• _EXERCISE DATA_

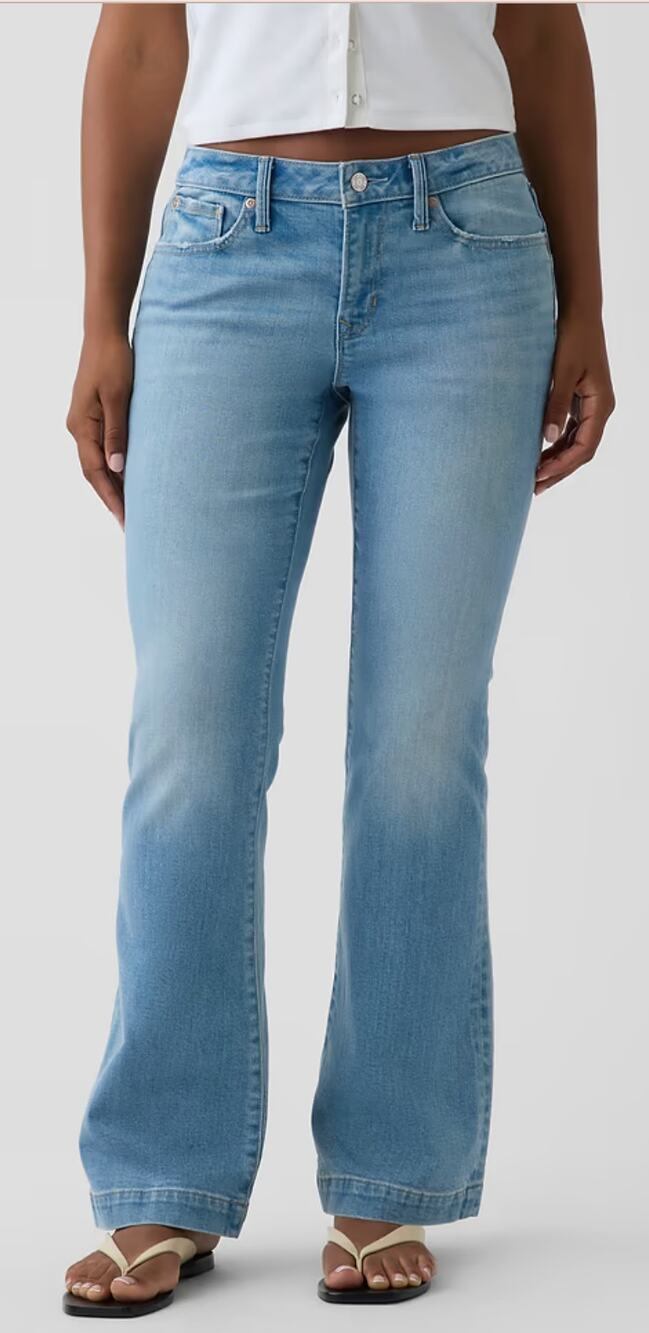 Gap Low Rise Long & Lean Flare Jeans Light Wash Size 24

==

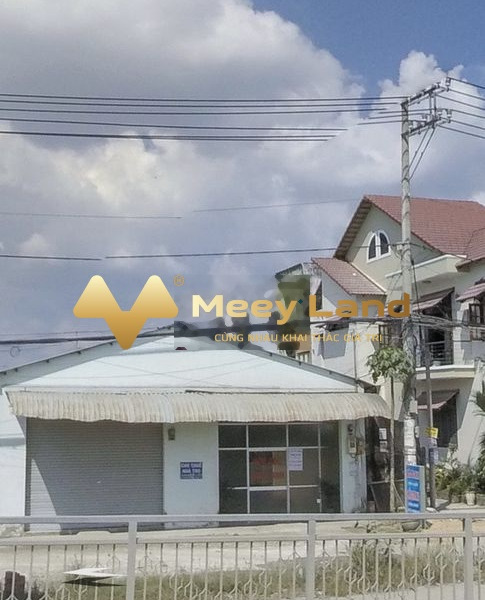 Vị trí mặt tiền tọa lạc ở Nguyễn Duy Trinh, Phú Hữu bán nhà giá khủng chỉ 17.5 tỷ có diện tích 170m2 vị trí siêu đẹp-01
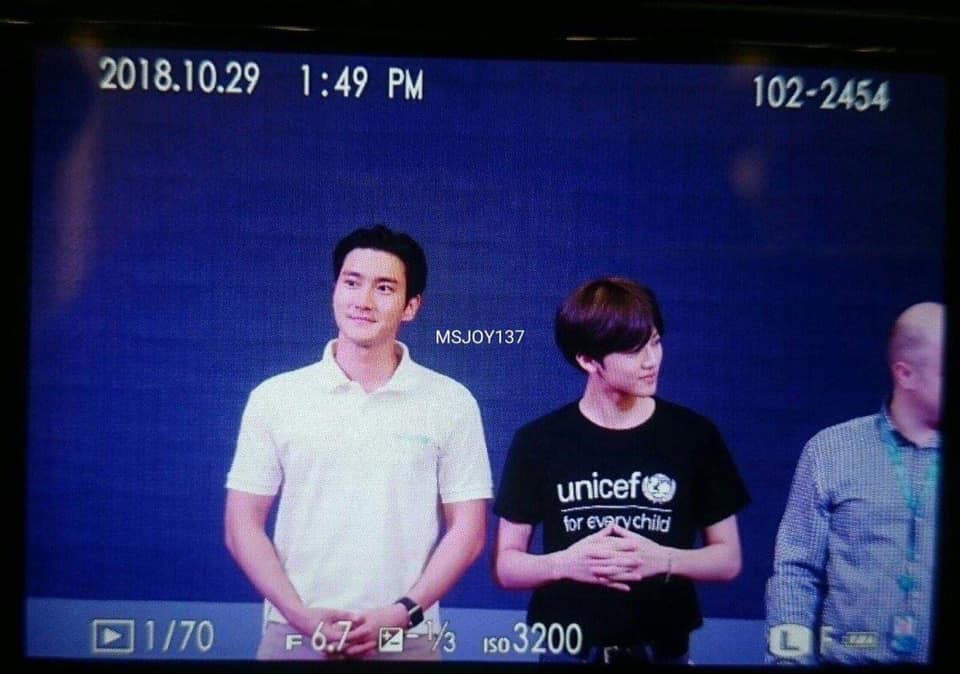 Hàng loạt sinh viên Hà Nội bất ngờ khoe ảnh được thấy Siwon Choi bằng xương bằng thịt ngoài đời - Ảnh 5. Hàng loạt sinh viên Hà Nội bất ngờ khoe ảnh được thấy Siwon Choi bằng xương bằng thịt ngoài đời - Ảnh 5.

...

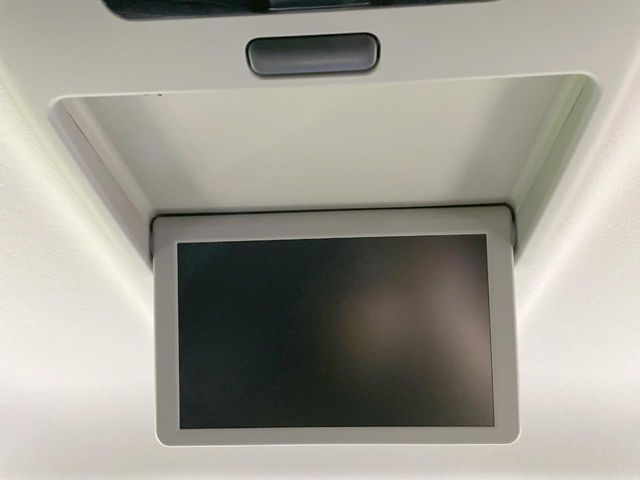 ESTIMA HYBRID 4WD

• _TASK REQUIREMENTS_
Of the lines above, copy only those from the one holding "Vị trí mặt tiền" to the one holding "Ảnh 5. Hàng", both included, and exclude every image.

• _RESPONSE TO THE TASK_
 Vị trí mặt tiền tọa lạc ở Nguyễn Duy Trinh, Phú Hữu bán nhà giá khủng chỉ 17.5 tỷ có diện tích 170m2 vị trí siêu đẹp-01
 Hàng loạt sinh viên Hà Nội bất ngờ khoe ảnh được thấy Siwon Choi bằng xương bằng thịt ngoài đời - Ảnh 5. Hàng loạt sinh viên Hà Nội bất ngờ khoe ảnh được thấy Siwon Choi bằng xương bằng thịt ngoài đời - Ảnh 5.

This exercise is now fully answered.